3. Overlooking "B Symptoms." These are not minor complaints. On exams and in practice, the presence of fever, night sweats, or significant weight loss upstages the disease (to Stage B) and influences treatment intensity. They are a critical piece of the clinical history.
4. Equating "indolent" with "harmless." Follicular lymphoma is indolent but still a serious, systemic malignancy requiring monitoring or treatment. It is chronic and often incurable, unlike aggressive lymphomas like DLBCL which can be cured.

Summary

• Lymphomas are fundamentally divided into Hodgkin Lymphoma (HL), characterized by Reed-Sternberg cells, and the more common Non-Hodgkin Lymphoma (NHL), which includes numerous subtypes.
• HL often presents in young adults with painless cervical lymphadenopathy and systemic B symptoms (fever, night sweats, weight loss).

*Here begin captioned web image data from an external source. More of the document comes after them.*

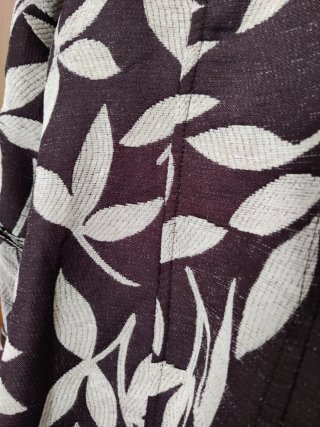 Abrigo CQCOQUETTON estampado floral talla M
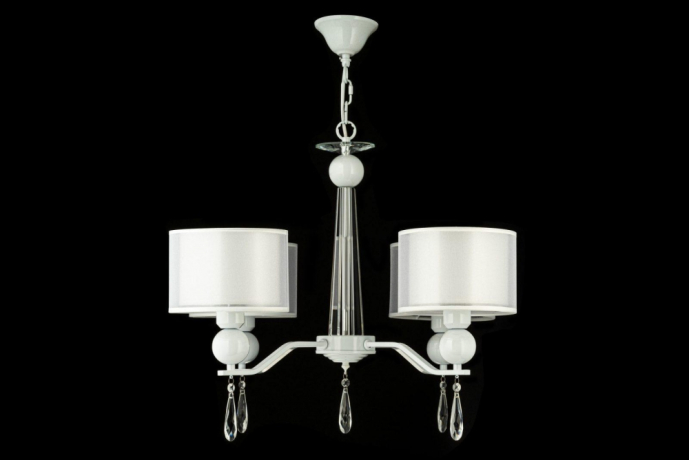 Люстра подвесная с Led лампочками в комплекте Arti Lampadari Rufina E 1.1.4.600 W+Lamps 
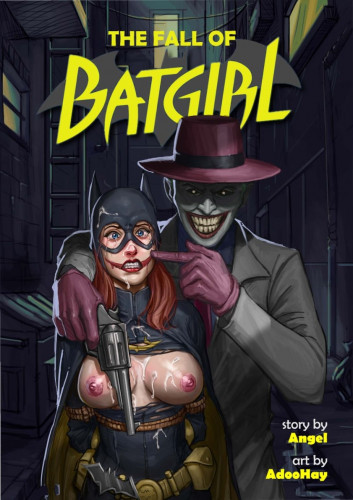 AdooHay - The Fall of Batgirl (Batman) Porn Comic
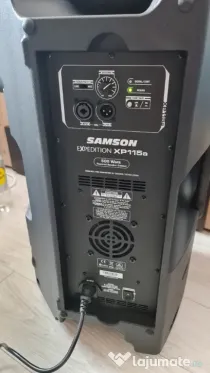 Boxă activa DJ Samson Expediției XP115A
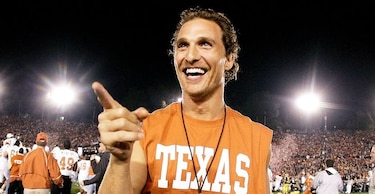 Actor Matthew McConaughey enseñará cine en Texas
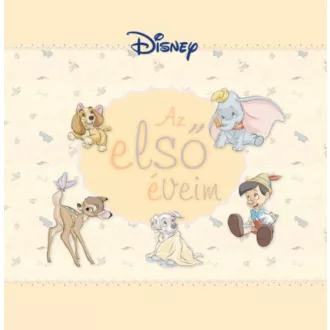 Disney: Az első éveim (2020) - Szépséghibás példány!
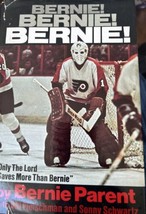 Philadelphia Flyers BERNIE! Book Hockey BERNIE Parent Goalie 1975 - £11.62 GBP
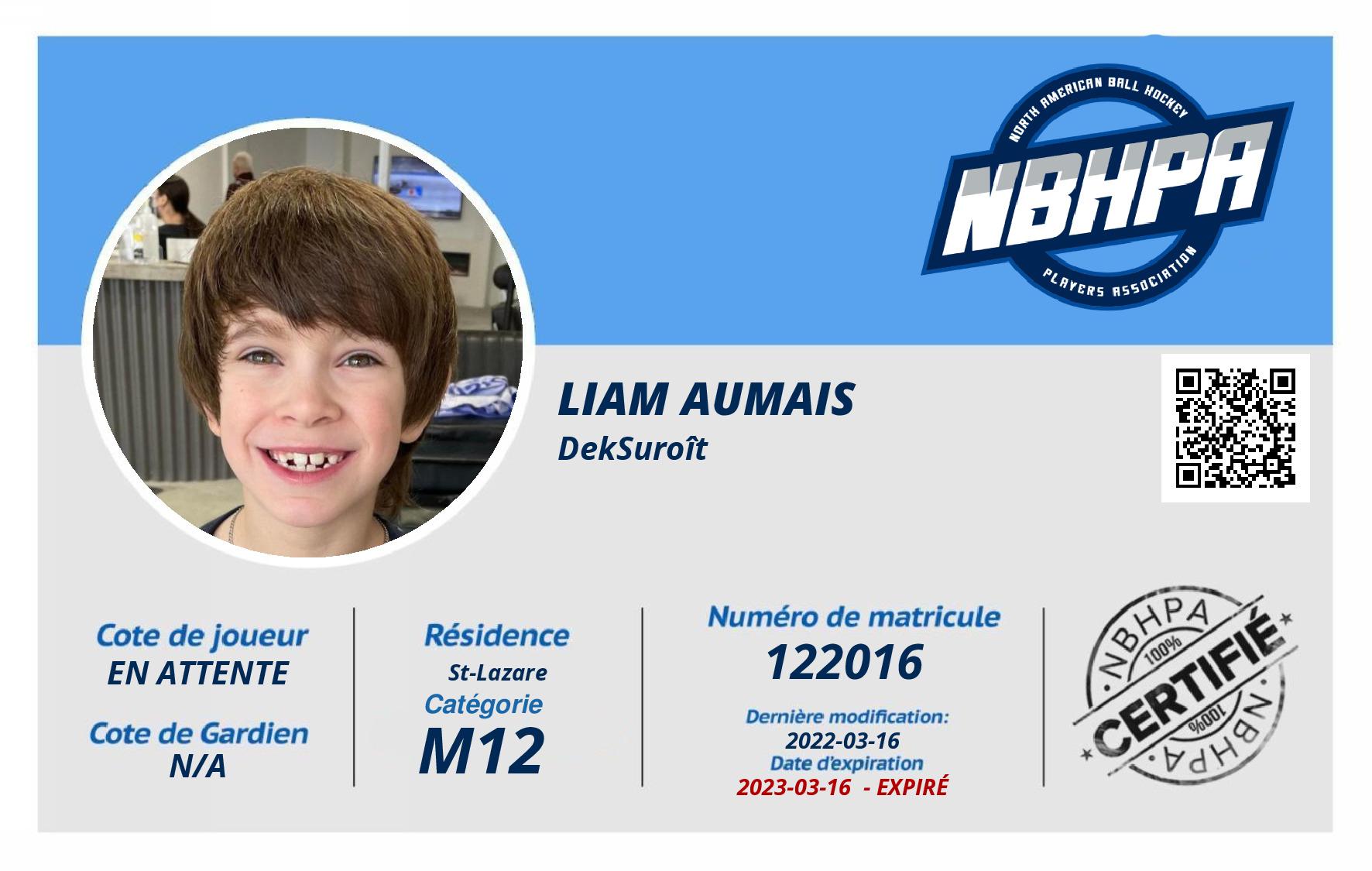 Liam Aumais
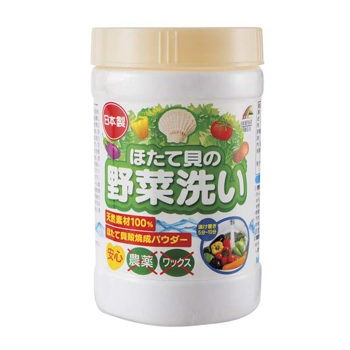 Unimat Riken 扇貝天然蔬果清潔劑100g《日藥本舖》【金石堂、博客來熱銷】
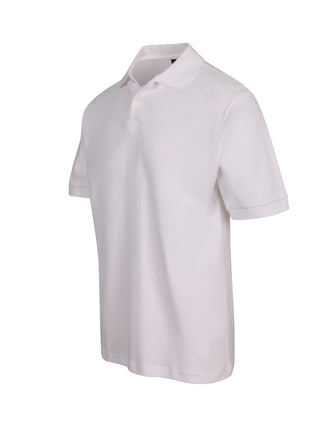 Mens 100% Cotton Pique Knit Polo - kustomteamwear.com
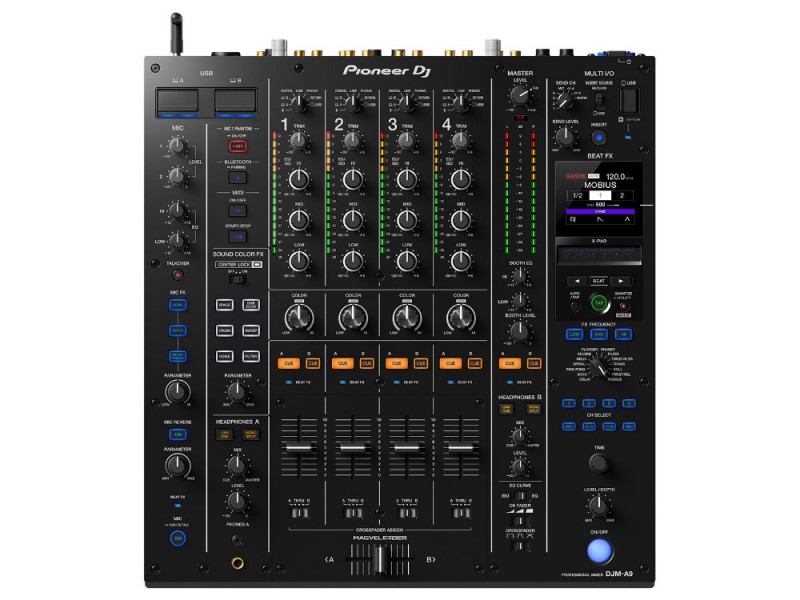 Pioneer DJ DJM-A9 DJ keverő | hangszerdiszkont.hu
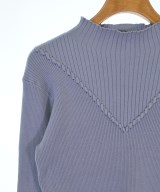 N. Natural Beauty Basic（エヌナチュラルビューティーベーシック）ニット・セーター 青 サイズ:M レディース/2200684640068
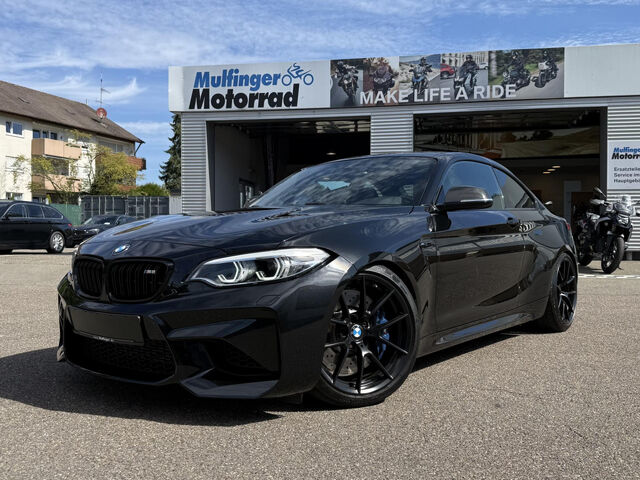 BMW M2 Coupe Black Shadow Edition Ad. LED Ha/Ka RFK Sportpaket Bluetooth Navi Vollleder Klima PDC el. Fe Ansicht 15 für Fahrzeugdetailseite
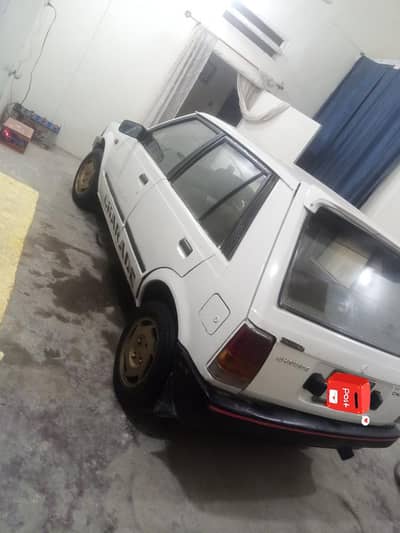 Family use Charade Dubai Import 1991 CNG and Petrol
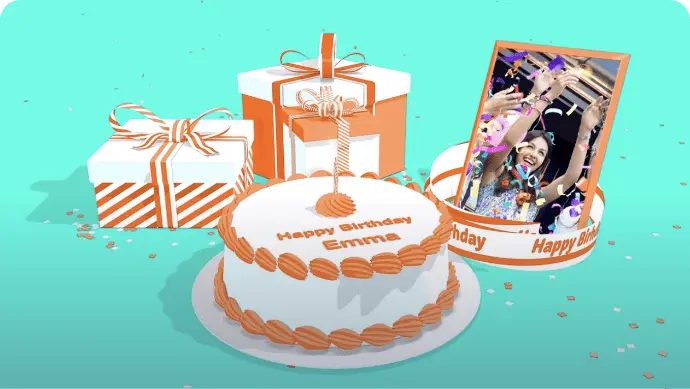 誕生日のお祝い動画の作り方及び誕生日動画を作るプログラムの紹介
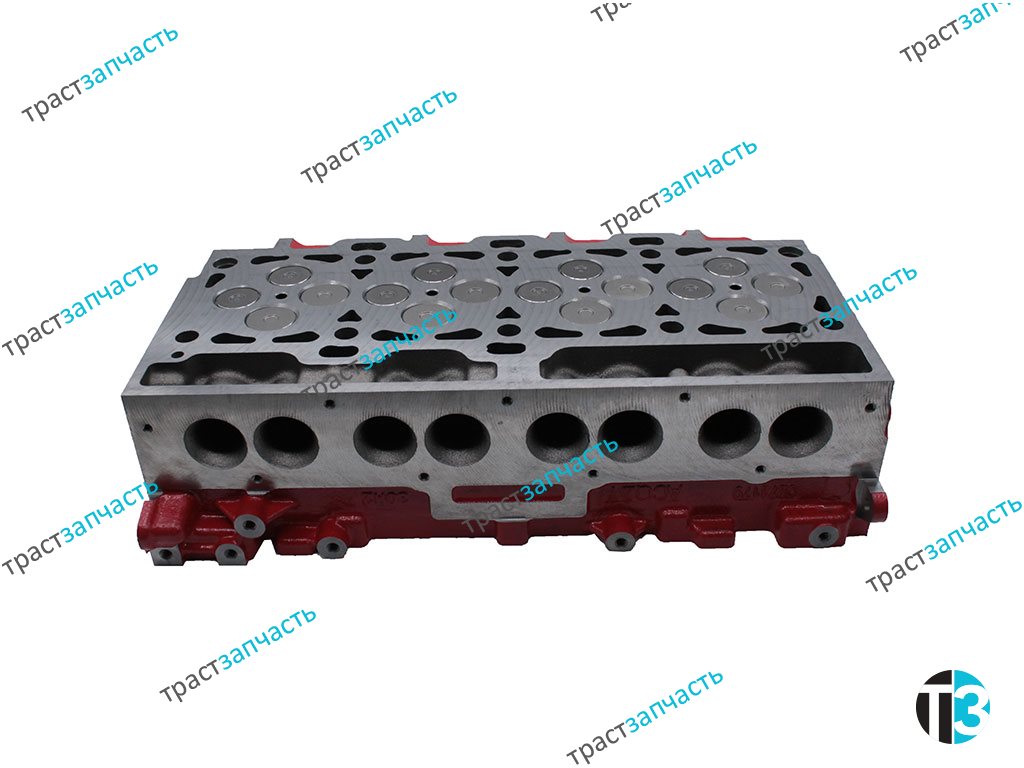 ГБЦ Газель Next, Foton Toano 2.8 ISF (с клапанами) 5307154/5271176 (ORIGINAL FOTON) - Миниатюра товара 4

• Key NHL subtypes include indolent Follicular lymphoma, aggressive Diffuse Large B-Cell Lymphoma (DLBCL), highly aggressive Burkitt lymphoma (with pathognomonic t(8;14) MYC translocation), and Mantle cell lymphoma (with t(11;14) causing cyclin D1 overexpression).
• Molecular genetics, especially specific chromosomal translocations, are essential diagnostic and prognostic markers that exemplify the direct link between basic molecular biology and clinical medicine.
• Always base the definitive diagnosis on histopathology (biopsy), and remember that clinical presentation guides the differential but does not provide the final answer.